Une chose est certaine si le personnel est sympa, normal me direz vous, il vient de commercer, le résultat dans le sac en papier kraft et le gobelet est gras, salé et surtout sucré, loin d’être à la hauteur de la communication maison où tout serait réalisé sur place avec des produits frais.
Ayant prétexté une allergie à certains stabilisants, conservateurs et autres joyeusetés industrielles qui inondent la malbouffe, on m’a amené le «guide des ingredients» Five Guys. Et bien alors que la personne à la caisse m’a garanti mon «milkshake fait maison», à 6€50 on pouvait l’espérer, le responsable du site va venir gentiment me le rembourser. Il est vrai que l’agent de conservation E 202 de la vanille ou l’émulsifiant mono- et diglycérides d’acide gras (E 471) ou l’agent de propulsion oxyde nitreux E492 de la crème fouettée faisaient plus usine que «fait maison» et risquaient de me faire mourir d’un hypothétique œdème de Quincke.(…)
Si les frites sont visiblement fraîches puisque les sacs de pommes de terre trônent à l’entrée avec des cacahouètes hyper salées en libre service, elles sont surtout hyper grasses, plutôt molles et cerise sur bide, elles sont plongées dans de l’huile de friture d’arachide raffinée avec fameux anti-moussant E900 ou diméthypolysiloxanne, un additif classé possiblement cancérigène par l’Association pour la Recherche Thérapeutique Anti-Cancéreuse (ARTAC).
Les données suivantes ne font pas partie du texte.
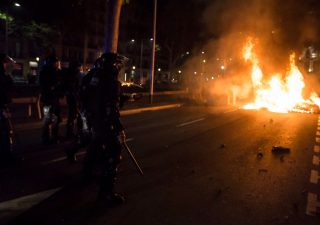 Catalogna: caos nelle piazze dopo la maxi condanna ai leader indipendentisti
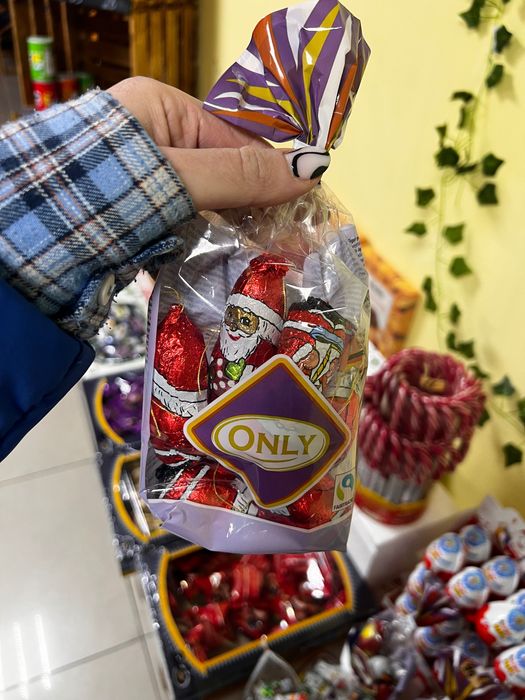 Солодощі горішки кава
Quand le manager m’a appris que la viande hachée «premier choix» fraîche venait d’Irlande, j’aurais souhaité qu’il me communique le pourcentage de matières grasses, m’explique comment elle est conditionnée afin de pouvoir l’utiliser à plus 24h sans être sous atmosphère contrôlée et pourquoi on ne peut pas obtenir saignant son steak. Quand il m’a dit que c’était comme cela que la viande était la meilleure, que c’était la politique de la maison, je me suis souvenu de la séquence du film Fast food nation où Bruce Willis explique pourquoi il faut bien cuire la viande (Bruce Willis «Shit in the meat , Just Cook It» à partir de 8’33»).
A ce prix, on trouve dans Paris des bistrots qui servent un menu avec des produits frais qui ont du goût sans ajout de sucre, de sel et de matières grasses traficotées.
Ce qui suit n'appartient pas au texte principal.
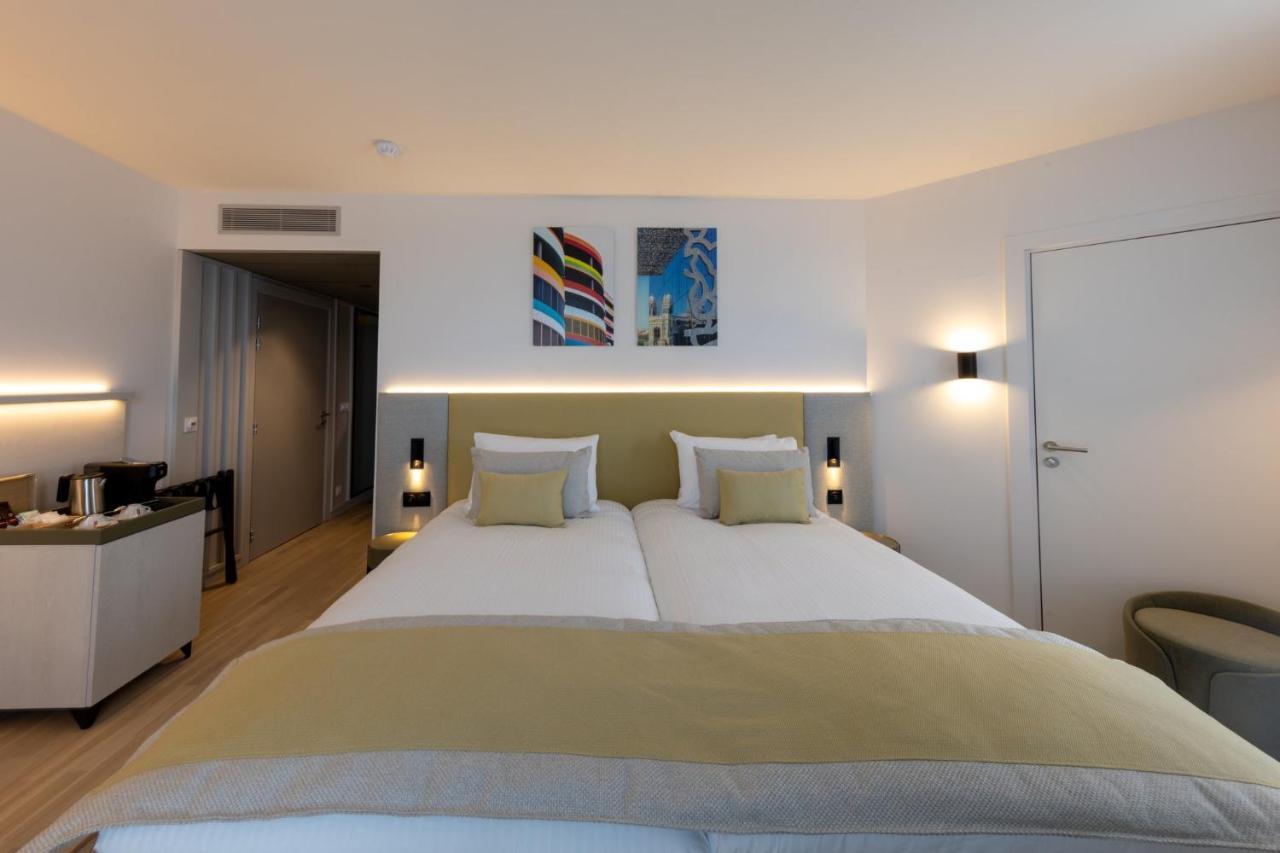 Standard Twin Room Two Twin Beds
Après une bonne dizaine de minutes à essayer de me convaincre de la qualité premium de ses produits, le manager a fini par me renvoyer vers la directrice de clientèle chez Le Public Système PR en charge de la communication du groupe. Cette dernière encore moins au parfum de la réalité des arrières cuisines de Five Guys m’a servi au téléphone le discours prémâché régurgité sans état d’âme par la plupart des médias. Quand elle m’a raconté que tous les légumes étaient découpés dans la cuisine chaque matin et que les champignons frais étaient livrés par un fournisseur de Rungis, ayant le «guide des ingrédients» Five Guys sous les yeux, elle a failli me faire tomber de ma chaise. (…)
Je recommande à Michelle Obama de dire à son mec d’arrêter de faire de la pub pour cette marque de fast-food.
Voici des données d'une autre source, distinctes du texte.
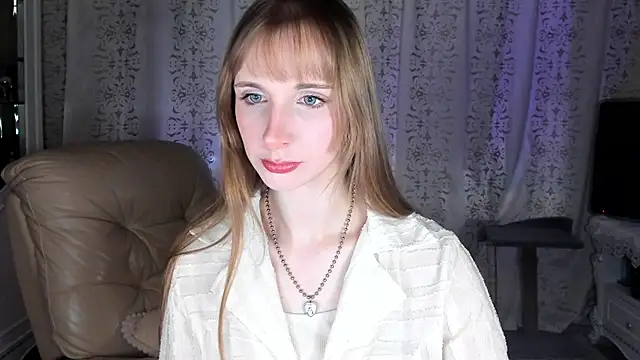 AprilHilll online show from 03.13.25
Pour 19€ , après une heure d’attente évitée, on m’a servi en 5 minutes dans un sac en papier kraft: une portion de frites molles, un hamburger au pain mou composé de 2 steaks hachés de 65 g environ chacun hyper cuits et pas juteux du tout, d’une tranche de tomate insipide, de 5 feuillettes de salade iceberg, de quelques lamelles de champignons en boîte et d’une sauce sucrée-salée Heinz blindée de sirop de maïs et un milkshake assemblé sur place que l’on me remboursera. (…)
Pour la santé des Américains, je recommande à Michelle Obama de dire à son mec d’arrêter de faire de la pub pour cette marque de fast-food qui participe autant que les autres à la dégradation de la santé des consommateurs et l’environnement.